Homeowners who are in the unfortunate position of being “upside down on their mortgage”, a situation that simply means they owe more than the property is worth, might be hard-pressed to think of something that can be worse. This is exactly why homeowners need to be cognizant of all the facts before they make any financial decisions.
What is a Short-Sale?
A short sale is sometimes proposed as a solution to help homeowners who are facing foreclosure. There there are several factors to consider. A short sale occurs when the bank or mortgage lender agrees to allow the homeowner to sell the property for less than the balance outstanding on the loan and the lender also agrees to accept the loss incurred on the deal.
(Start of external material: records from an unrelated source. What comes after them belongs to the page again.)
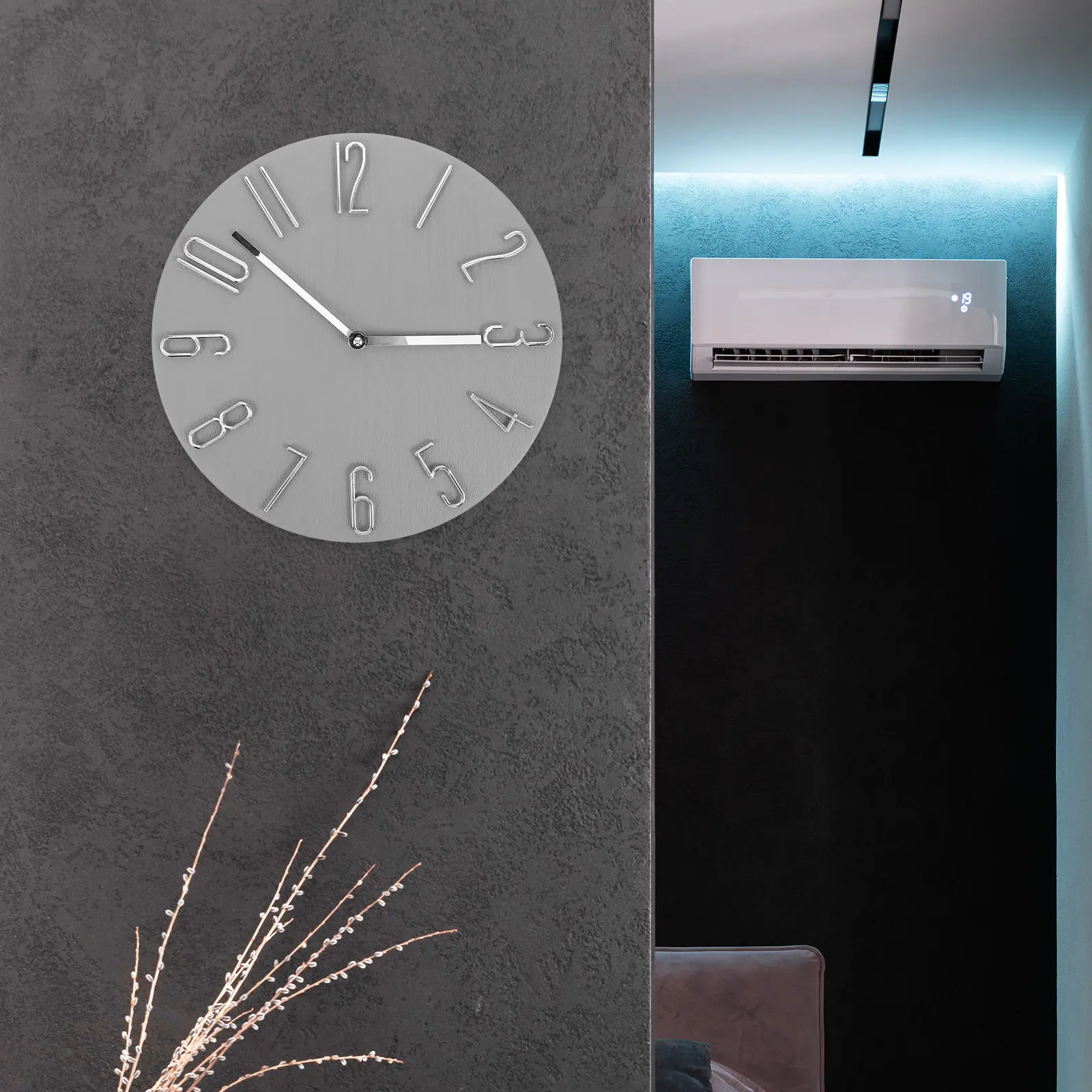 Wall Clock Silent 12 Inch Round Battery Operated Minimalist Design Home Office Bedroom Living Room Kitchen Modern Decorative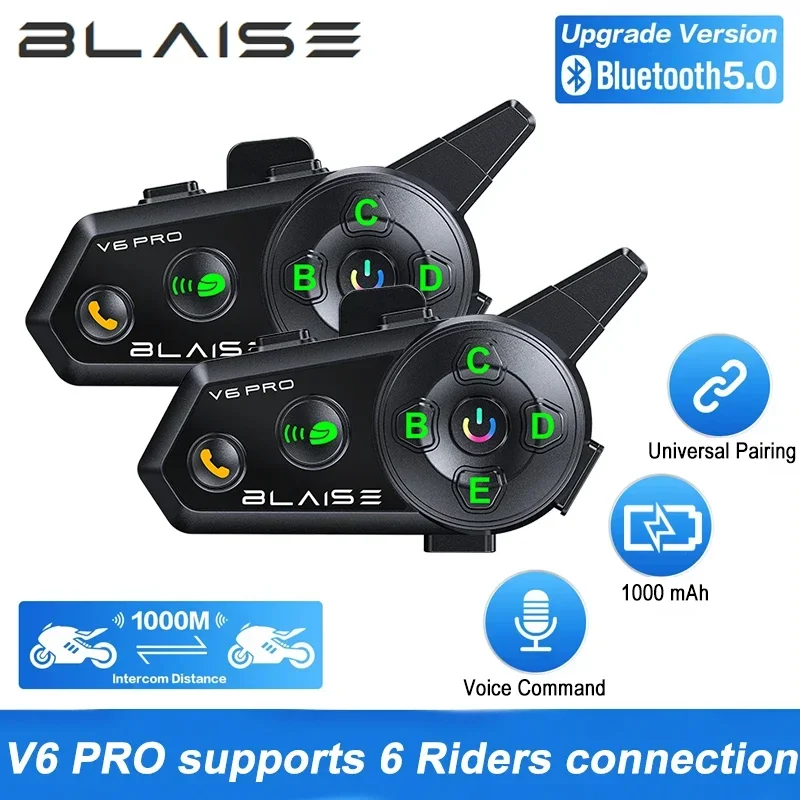 BLAISE V6 PRO Motorcycle Intercom Helmet Bluetooth Headsets,Handsfree Communicator Up to 6 Riders Interphone with Music Sharing
BLAISE V6 PRO Motorcycle Intercom Helmet Bluetooth Headsets,Handsfree Communicator Up to 6 Riders Interphone with Music Sharing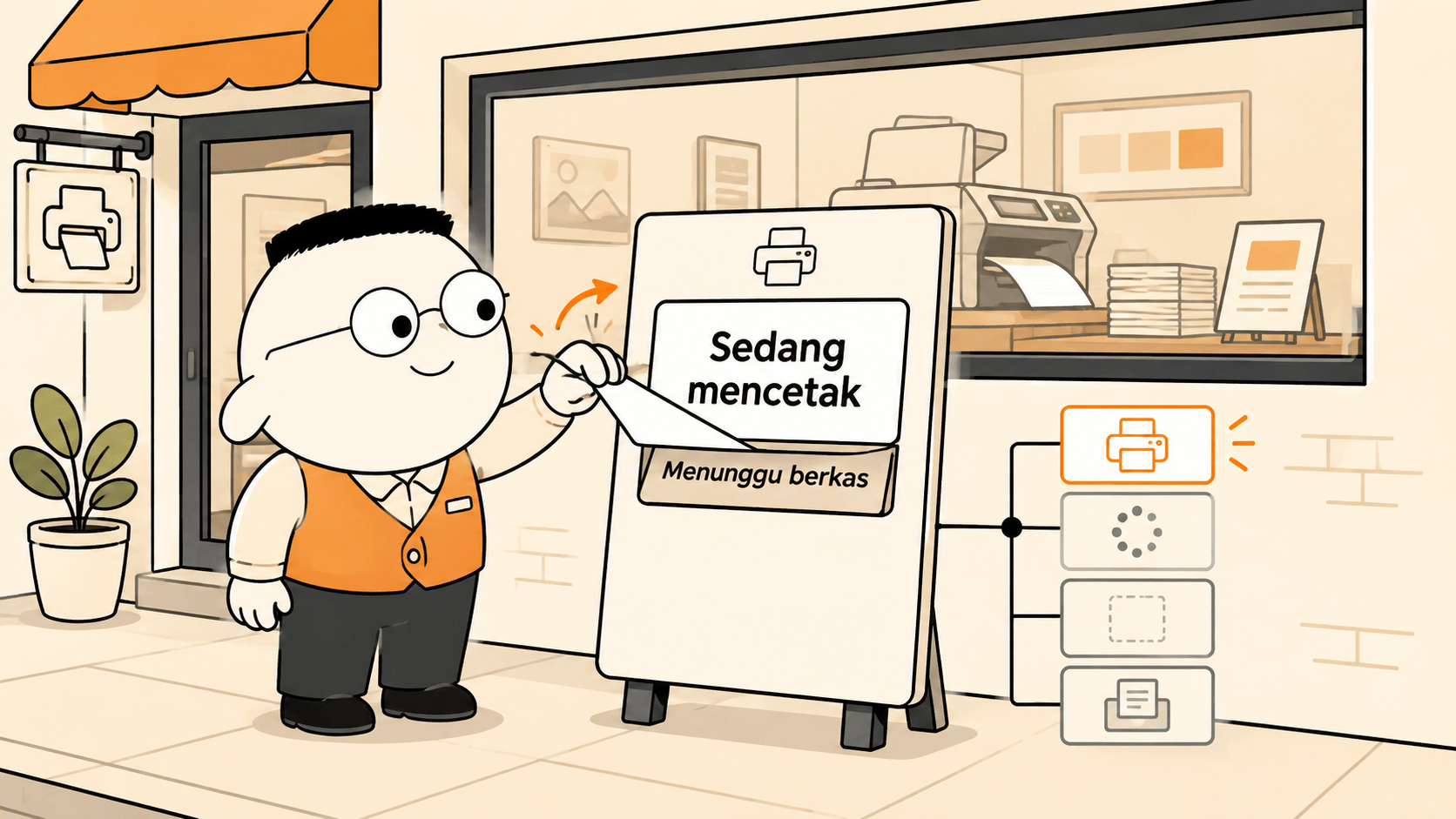 Kuka berdiri di depan papan status di jendela percetakan, sedang membalik tulisan dari Menunggu berkas menjadi Sedang mencetak, dengan mesin cetak terlihat di dalam toko.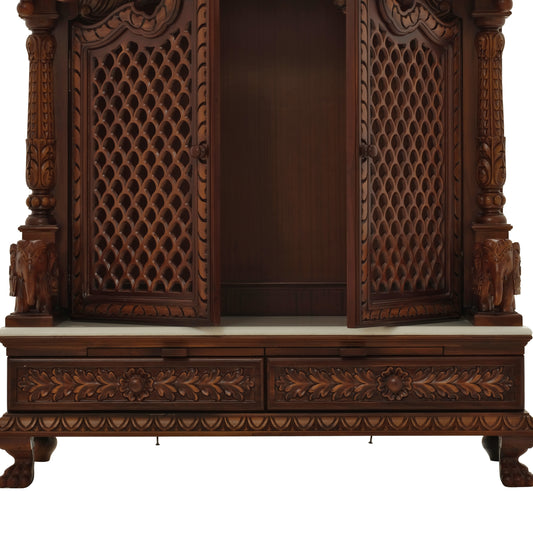Pooja Mandir with doors in Teak Wood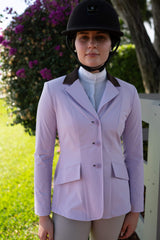 Grand Prix Ladies EQJ 3 Button Show Coat, Lilac with Chocolate Collar - Huntley Equestrian - Flyclothing LLC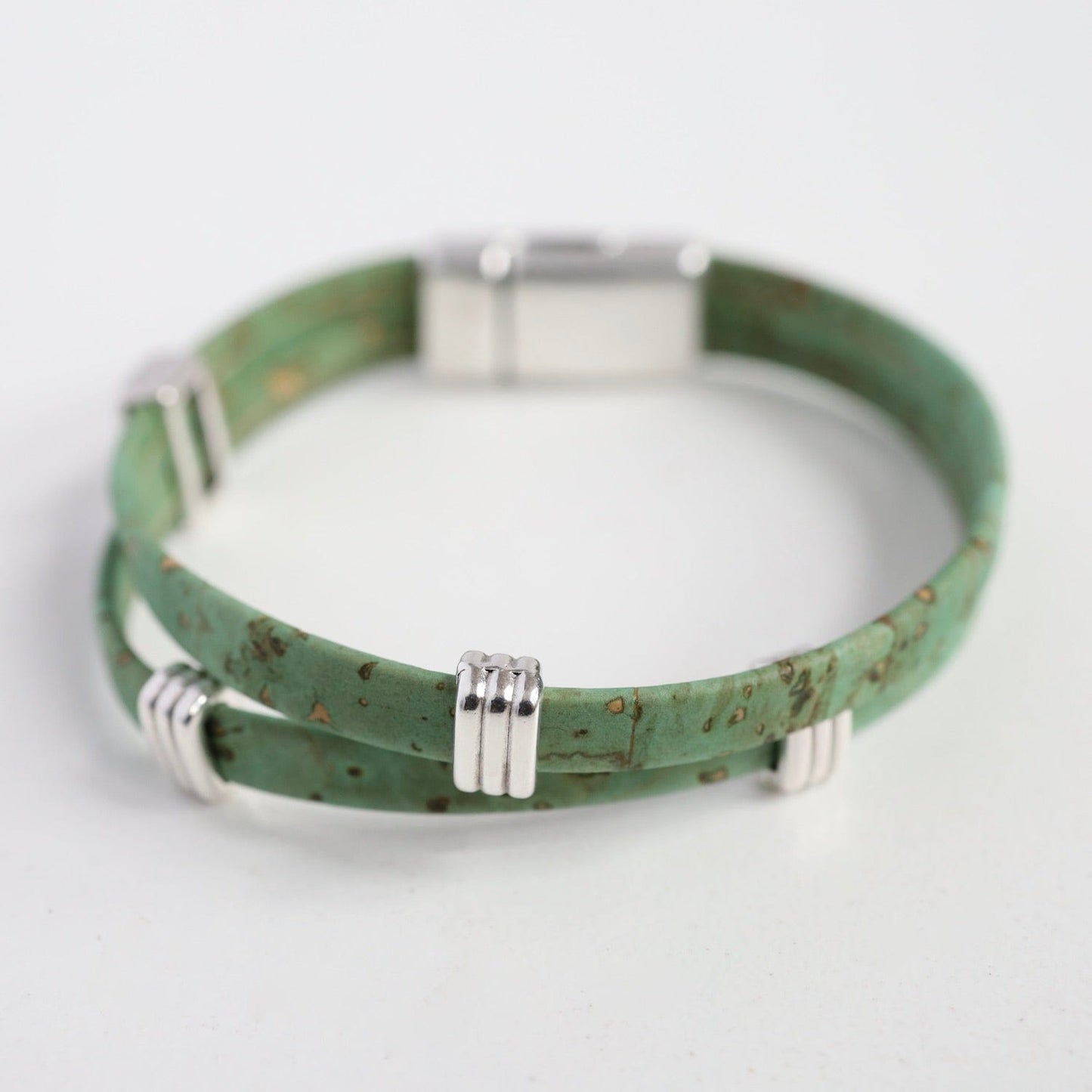BRC Classic Cork Bracelet With Striped Bands - Green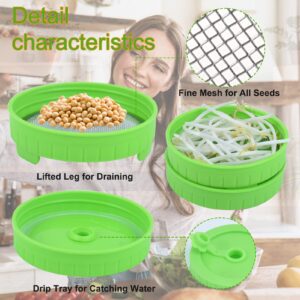 3 Set Sprouting Lids- Mason Jar Strainer Lid Sprout Maker Lids with Stainless Steel Screen Germination Kit Seed Sprout Jar Lids with Drip Tray for Regular Wide Mouth Mason Jars（Bottle Not Include)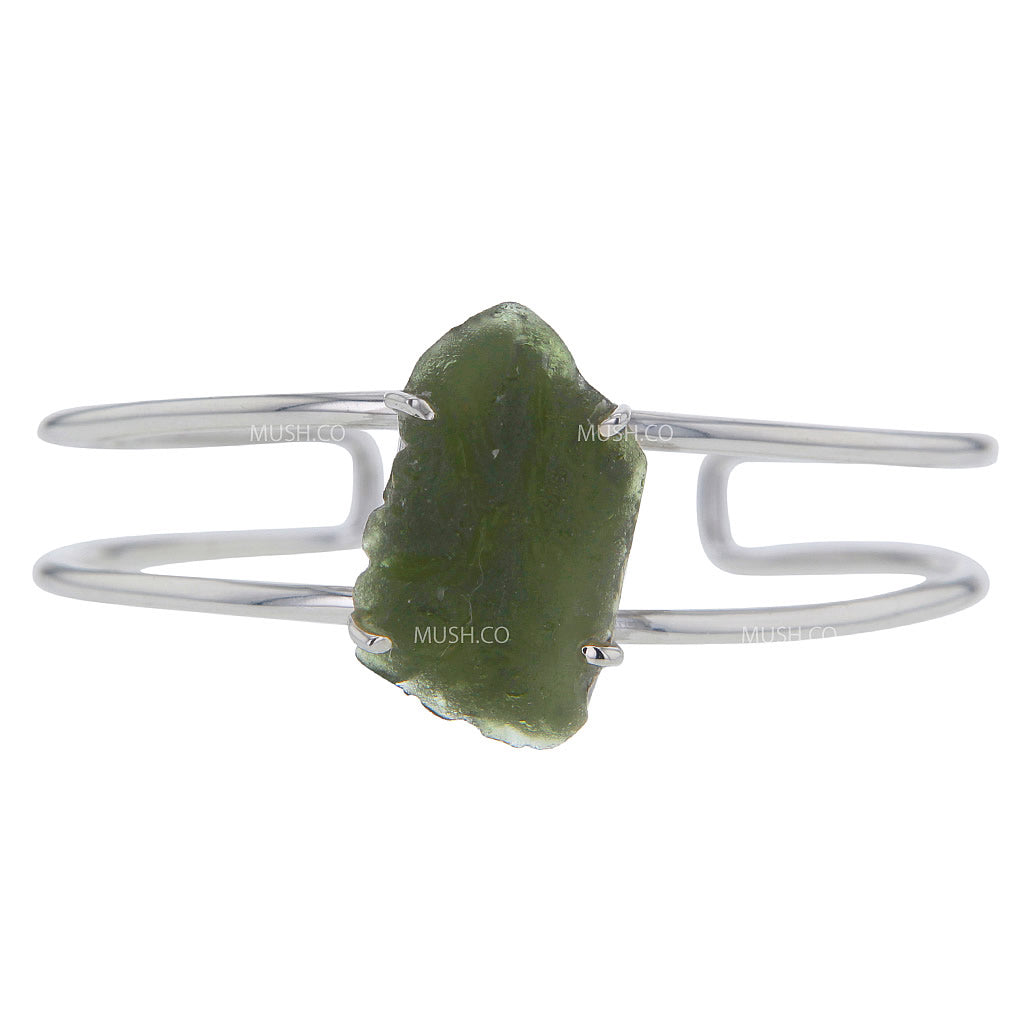 Raw Moldavite Bracelet in Sterling Silver v2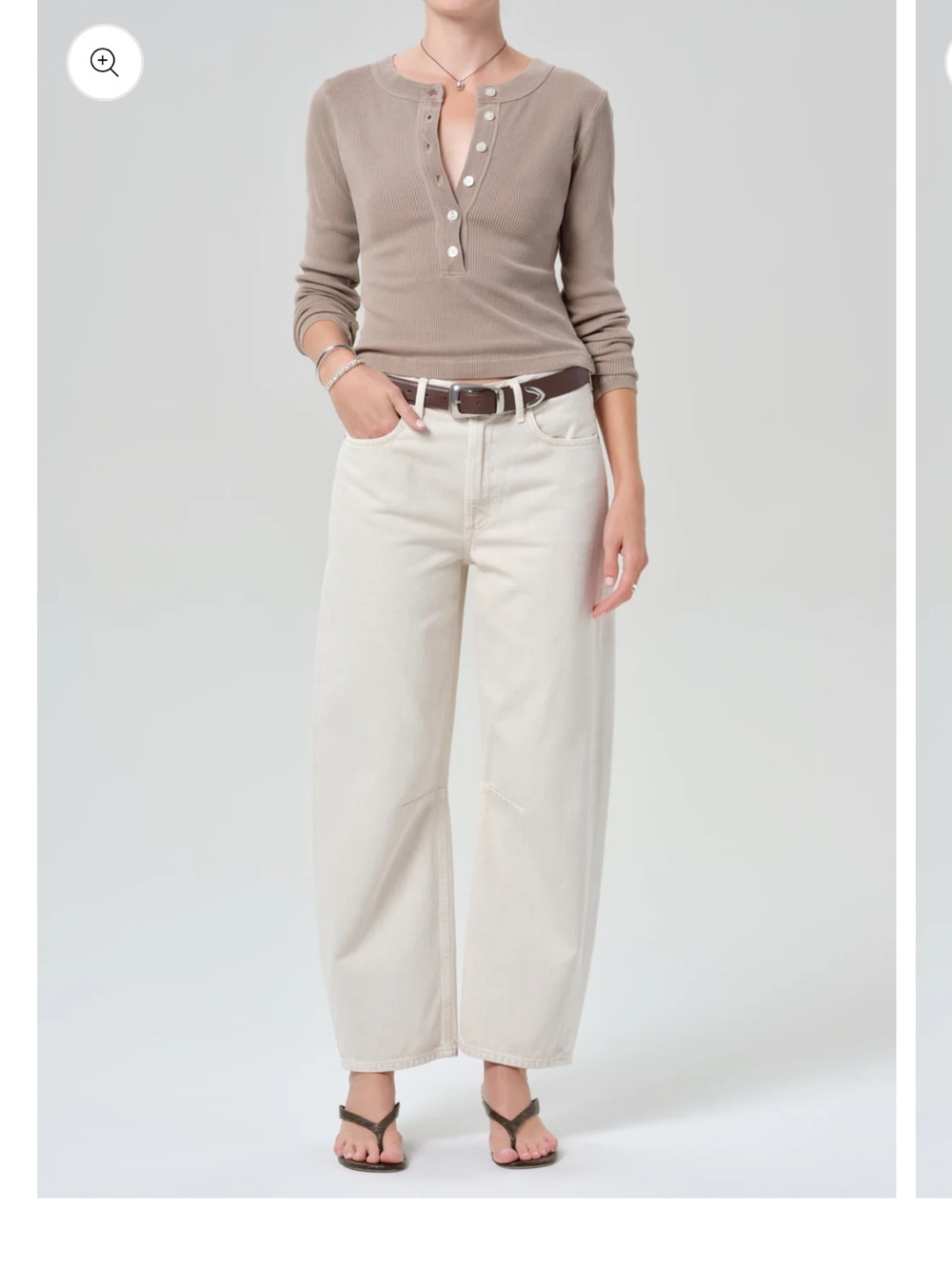 Miro relaxed barrel jean in almondette - Picture 2 of 6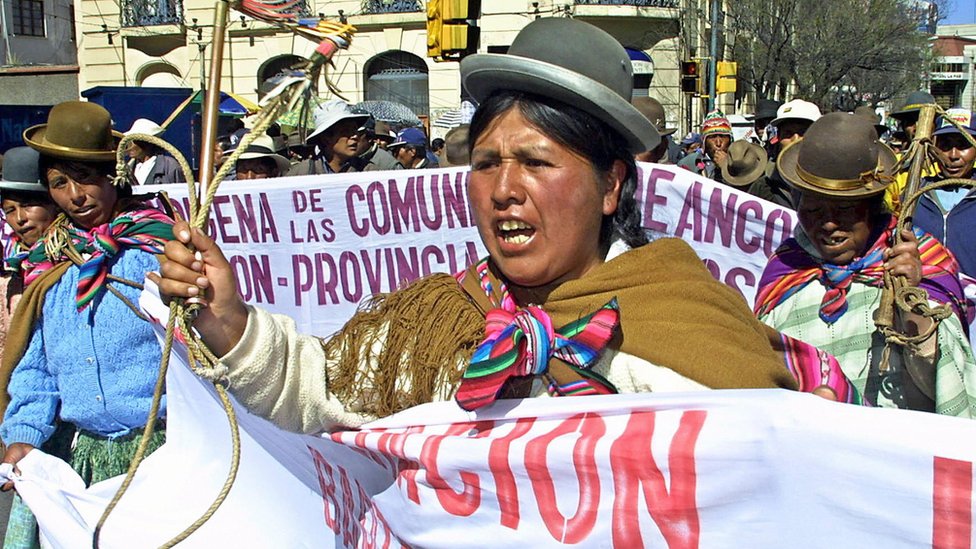 Aymaras protestando en Bolivia en 2003.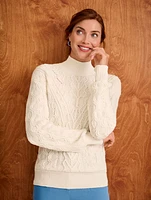 Cable Knit Mockneck Sweater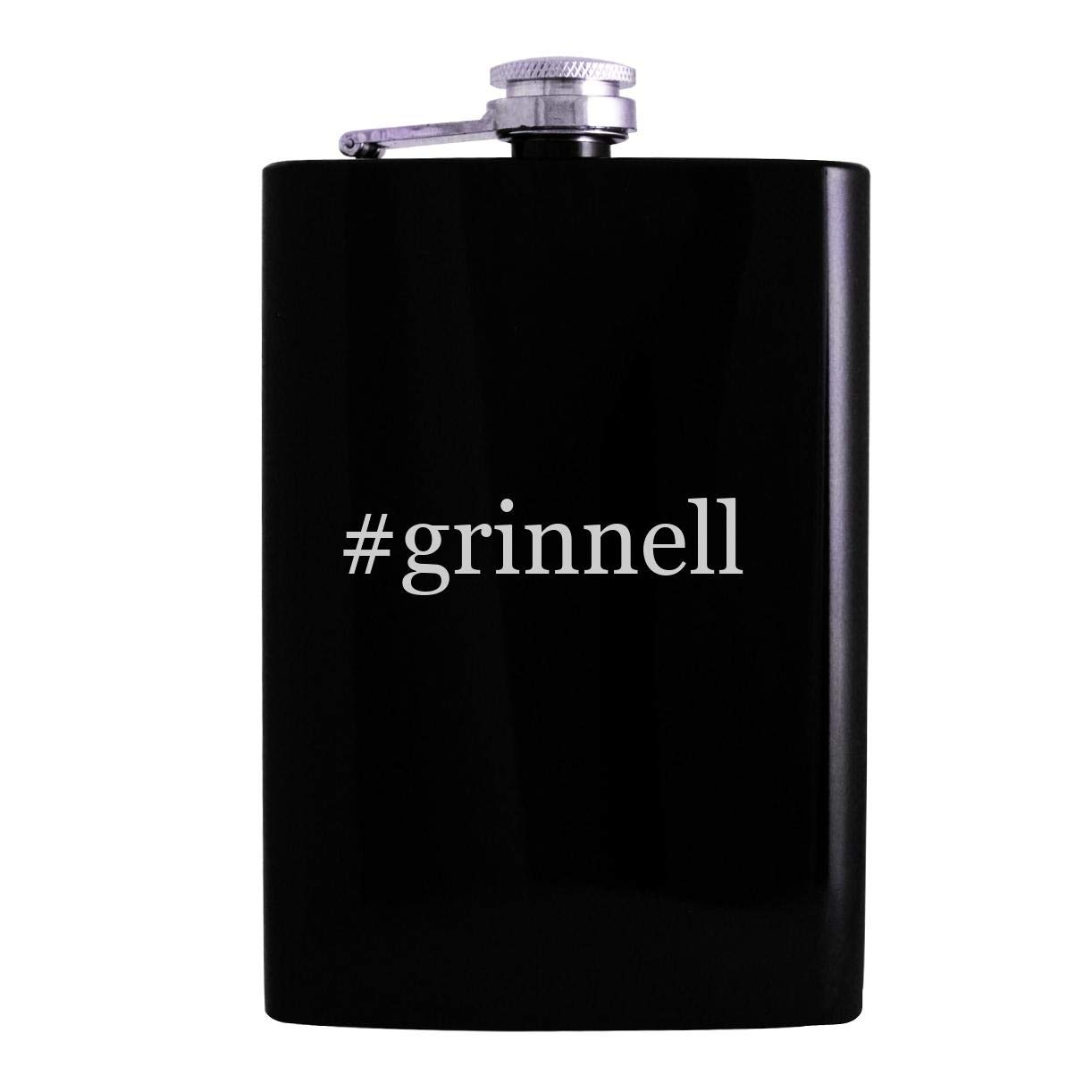 #grinnell - 8oz Hashtag Hip Alcohol Drinking Flask, Black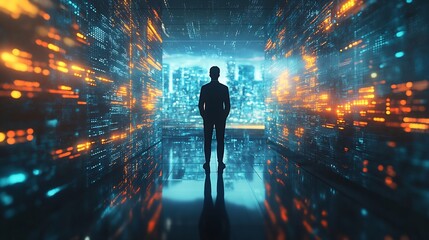 Futuristic business digital financial data technology concept for future big data analytic and business intelligence research for businessman analyst invest decisions making panoramic  : Generative AI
This type of arrangement might sound like it was heaven-sent. After all, the homeowner gets to be free of the loan obligation because the lender generously agreed to accept less than the amount owed. In reality, things are not so clear cut. Firstly, the lender is not necessarily generous, but smart, because they may foresee that their chances of collecting on the mortgage would be much worse if they allowed it to go into foreclosure. Secondly, there is no such thing as a free lunch. The homeowner might receive a 1099-A tax form in the mail and then realize that taxes are due on the forgiven amount.
How can this be? It might seem dreadfully unfair to burden someone who is clearly under financial strain, as evidenced by the loss of their home, with additional taxes owed, but this is the law. The IRS considers the forgiven liability to be income and demands that it be taxed as such.
Short-Sale Example
Putting some actual figures to the equation might make the situation clearer. If Mr. Smith owes $400,000 on his home and it goes under a short sale which manages to realize $300,000, the difference of $100,000 is forgiven under the agreement signed by the lender. However, in the eyes of the IRS, this is the same as a financial gift, because under any other circumstances Mr. Smith would have been required to pay the $100,000 and so he is in effect $100,000 richer. Mr. Smith would then be required to pay taxes on that $100,000.
This matter was looked at before and the result was the Mortgage Forgiveness and Liability Relief Act of 2007, which gives some relief to homeowners caught in this situation. The act is due to expire on December 31, 2012 so there is some time to benefit from its clauses.
When a Short-Sale Is Not Taxable
Under this act liability that is forgiven because of situations leading to foreclosure are excluded as income and so will not be taxable. However, there are several conditions that must apply if the homeowner is to seek refuge from taxes under this act. The stipulations are listed below;
- Second homes and investment properties do not apply for this relief. It is reserved for people defaulting on a mortgage for their primary residence.
- Married persons may be forgiven up to $2 million while single persons can claim up to $1 million.
- Home equity loans of refinanced mortgages are eligible as long as the funds were used to improve the home, or in the case of refinancing, if the loan amount stayed the same or increased. If a home equity loan was used to purchase stocks or other investments or used for any other purpose than reinvested into the property, the amount will not be forgiven.
If you do qualify for liability forgiveness under the act you must still fill out your tax forms and attach Form 982 to support your forgiveness claim.
For those who find themselves in a position where you are responsible for a large tax bill, take the necessary steps to address the situation. This may include talking to a tax professional to determine what options are available to ensure you understand options available to you as well as what actions need to be taken to avoid problems with the IRS.